WASHINGTON, Oct. 5, 2021 /PRNewswire/ -- Despite the countless contributions historically black colleges and universities (HBCUs) have made to American innovation and to building the Black middle class over the past 180+ years, people continue to challenge their value. Last week, the 93rd Annual National Technical Association (NTA) Conference and Student Symposium, themed "Broadening Participation in STEM: Valuing HBCUs," brought together faculty from HBCU campuses, representatives from government and industry, along with members of the community, to highlight the critical role HBCUs play in powering the next generation of STEM diversity.
According to NTA president, Dr. Richard S. Gragg, III, "HBCUs represent a vibrant and vital pipeline of students, particularly in the STEM fields. More importantly, HBCU graduates remain connected to communities that will be instrumental in solving the world's most pressing problems, such as climate change."
"Our deep and ongoing ties to HBCUs are a key factor in diversifying practitioners of science that will innovate solutions for technical problems today and into the future," adds Dr. Gragg, who is also a professor at Florida A & M University (FAMU). "We saw the impact of diversity when many vaccine-hesitant people lined up to be immunized after learning that an African American scientist, Kizzmekia Corbett, was instrumental in creating the Moderna COVID-19 vaccine. Clearly, diversity matters."
Due to the impact of the COVID-19 pandemic, NTA conducted a hybrid conference with a combination of online and in-person sessions. The four-day convening kicked-off with a moving live performance by the Lincoln University Choir, followed by inspiring welcomes from Lincoln University Trustee, Henry Lancaster, II, NTA conference co-chair and leader of the Lincoln University coordinating committee, Dr. Michael Ayewoh, and NTA conference co-chair, Felicia Davis.

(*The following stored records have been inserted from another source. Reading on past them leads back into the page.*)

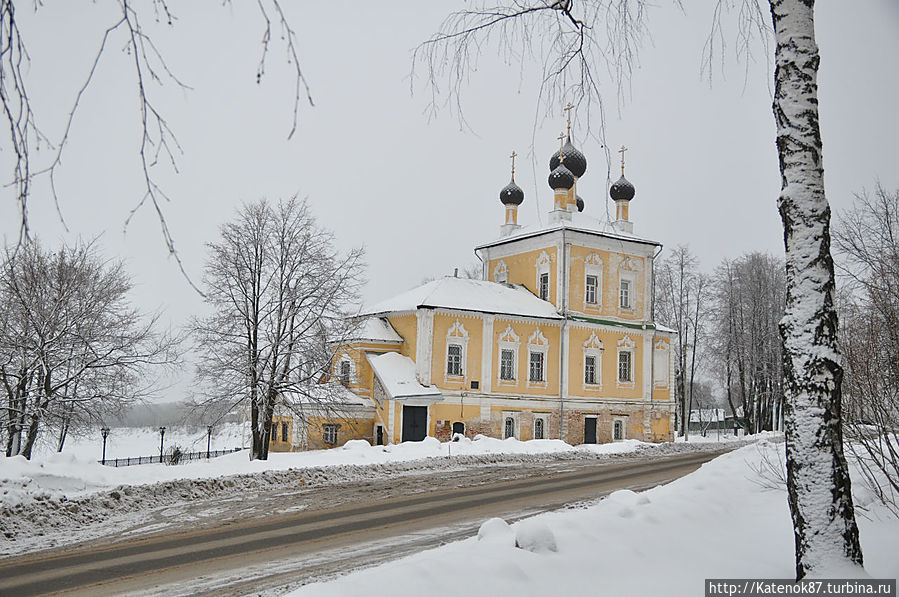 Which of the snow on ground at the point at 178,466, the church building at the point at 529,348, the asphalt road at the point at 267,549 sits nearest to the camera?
the asphalt road at the point at 267,549

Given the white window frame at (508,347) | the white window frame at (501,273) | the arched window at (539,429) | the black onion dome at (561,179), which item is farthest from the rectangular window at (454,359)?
the black onion dome at (561,179)

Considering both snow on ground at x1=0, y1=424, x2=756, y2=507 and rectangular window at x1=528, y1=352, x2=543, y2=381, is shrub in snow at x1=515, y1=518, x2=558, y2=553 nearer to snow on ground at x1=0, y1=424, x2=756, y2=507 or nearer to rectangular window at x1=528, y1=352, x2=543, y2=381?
snow on ground at x1=0, y1=424, x2=756, y2=507

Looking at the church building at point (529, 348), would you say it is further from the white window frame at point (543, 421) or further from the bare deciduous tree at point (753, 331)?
the bare deciduous tree at point (753, 331)

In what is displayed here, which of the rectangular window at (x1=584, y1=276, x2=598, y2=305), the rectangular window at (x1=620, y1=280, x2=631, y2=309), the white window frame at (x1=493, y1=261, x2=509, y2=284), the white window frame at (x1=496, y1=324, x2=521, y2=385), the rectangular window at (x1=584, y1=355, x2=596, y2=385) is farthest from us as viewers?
the white window frame at (x1=493, y1=261, x2=509, y2=284)

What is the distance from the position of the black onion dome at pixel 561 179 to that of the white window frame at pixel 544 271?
12.2ft

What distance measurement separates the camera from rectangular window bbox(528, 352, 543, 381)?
34.5 m

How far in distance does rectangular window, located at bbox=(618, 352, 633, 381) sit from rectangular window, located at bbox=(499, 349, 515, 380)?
631 cm

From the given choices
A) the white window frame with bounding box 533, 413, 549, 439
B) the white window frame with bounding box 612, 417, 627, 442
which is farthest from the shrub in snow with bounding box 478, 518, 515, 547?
the white window frame with bounding box 612, 417, 627, 442

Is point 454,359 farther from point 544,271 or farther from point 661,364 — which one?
point 661,364

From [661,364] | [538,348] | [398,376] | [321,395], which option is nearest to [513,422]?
[538,348]

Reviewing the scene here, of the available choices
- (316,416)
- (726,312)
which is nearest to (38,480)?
(316,416)

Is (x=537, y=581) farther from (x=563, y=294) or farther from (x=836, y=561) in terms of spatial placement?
(x=563, y=294)

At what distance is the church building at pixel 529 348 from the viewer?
103 feet

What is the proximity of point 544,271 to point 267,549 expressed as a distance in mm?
28986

Hosted by Lincoln University in Pennsylvania, the conference featured presentations on wide-ranging STEM topics including: Valuing Women in STEM; Experience and Communicate the Science Around You; Energy, Education and Equity: Workforce for the Global Economy; Let the Community Talk, Experts Listen; and Professional Advancement, Diversity and Opportunity. Funding from the National Science Foundation enabled the Pan African Studies Department to organize a groundbreaking workshop exploring Pan-Africanist Pedagogy in the Teaching and Learning of Geoscience. The workshop was led by Dr. D. Zizwe Poe and Dr. Tedra Booker.
NTA past president and conference co-chair, Dr. Ambrose Jerald, engaged in a thought-provoking dialogue with Lincoln University president, Dr. Brenda Allen, as part of a newly launched NTA series featuring one-on-one conversations with HBCU presidents. The scholars discussed the crucial connection between STEM and the arts and humanities, underscoring the need to use a holistic, interdisciplinary approach to solve global problems like achieving climate and social justice.

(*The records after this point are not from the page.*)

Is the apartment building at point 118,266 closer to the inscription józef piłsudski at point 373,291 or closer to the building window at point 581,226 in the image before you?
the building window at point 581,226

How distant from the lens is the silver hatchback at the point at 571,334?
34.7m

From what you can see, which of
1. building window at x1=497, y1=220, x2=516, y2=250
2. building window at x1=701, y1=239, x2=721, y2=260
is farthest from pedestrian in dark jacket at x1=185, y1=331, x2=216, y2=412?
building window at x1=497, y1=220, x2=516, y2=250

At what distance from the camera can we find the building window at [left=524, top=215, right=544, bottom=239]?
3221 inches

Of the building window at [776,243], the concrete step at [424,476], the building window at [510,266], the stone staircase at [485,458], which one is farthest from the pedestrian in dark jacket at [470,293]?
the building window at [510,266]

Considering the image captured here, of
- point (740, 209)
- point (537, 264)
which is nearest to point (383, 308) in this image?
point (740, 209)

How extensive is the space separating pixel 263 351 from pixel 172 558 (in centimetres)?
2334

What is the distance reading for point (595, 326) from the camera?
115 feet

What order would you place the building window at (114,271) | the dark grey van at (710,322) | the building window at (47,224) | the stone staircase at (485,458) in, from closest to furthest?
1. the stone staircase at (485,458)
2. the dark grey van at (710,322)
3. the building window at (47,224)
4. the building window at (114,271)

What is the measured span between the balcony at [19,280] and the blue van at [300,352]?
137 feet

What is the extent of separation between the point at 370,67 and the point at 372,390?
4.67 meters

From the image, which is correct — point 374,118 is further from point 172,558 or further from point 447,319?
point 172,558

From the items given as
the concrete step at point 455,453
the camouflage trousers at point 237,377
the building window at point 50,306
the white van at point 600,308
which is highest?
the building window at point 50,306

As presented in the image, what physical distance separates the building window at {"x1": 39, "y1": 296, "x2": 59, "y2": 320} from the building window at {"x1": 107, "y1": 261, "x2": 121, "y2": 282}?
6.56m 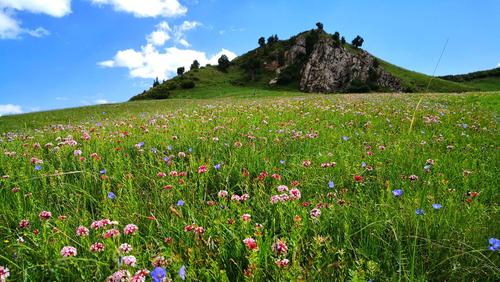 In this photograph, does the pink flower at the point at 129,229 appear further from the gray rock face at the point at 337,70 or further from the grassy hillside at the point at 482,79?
the grassy hillside at the point at 482,79

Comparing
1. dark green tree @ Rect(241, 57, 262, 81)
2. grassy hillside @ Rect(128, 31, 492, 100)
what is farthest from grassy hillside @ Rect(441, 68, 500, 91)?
dark green tree @ Rect(241, 57, 262, 81)

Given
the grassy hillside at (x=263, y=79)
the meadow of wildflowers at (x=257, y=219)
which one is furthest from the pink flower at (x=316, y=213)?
the grassy hillside at (x=263, y=79)

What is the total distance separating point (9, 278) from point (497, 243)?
10.9 ft

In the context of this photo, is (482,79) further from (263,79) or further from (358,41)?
(263,79)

Dr. Gragg spearheaded a unique partnership with DeMarcus Robinson, a FAMU graduate and founder of Beyond the STEAHM, to craft experiential sessions that expanded community engagement. A major goal, according to Robinson, is to incorporate "science, technology, engineering, arts, humanities and mathematics to dispel science and policy myths and misconceptions and foster greater community-based conversation and productive engagement."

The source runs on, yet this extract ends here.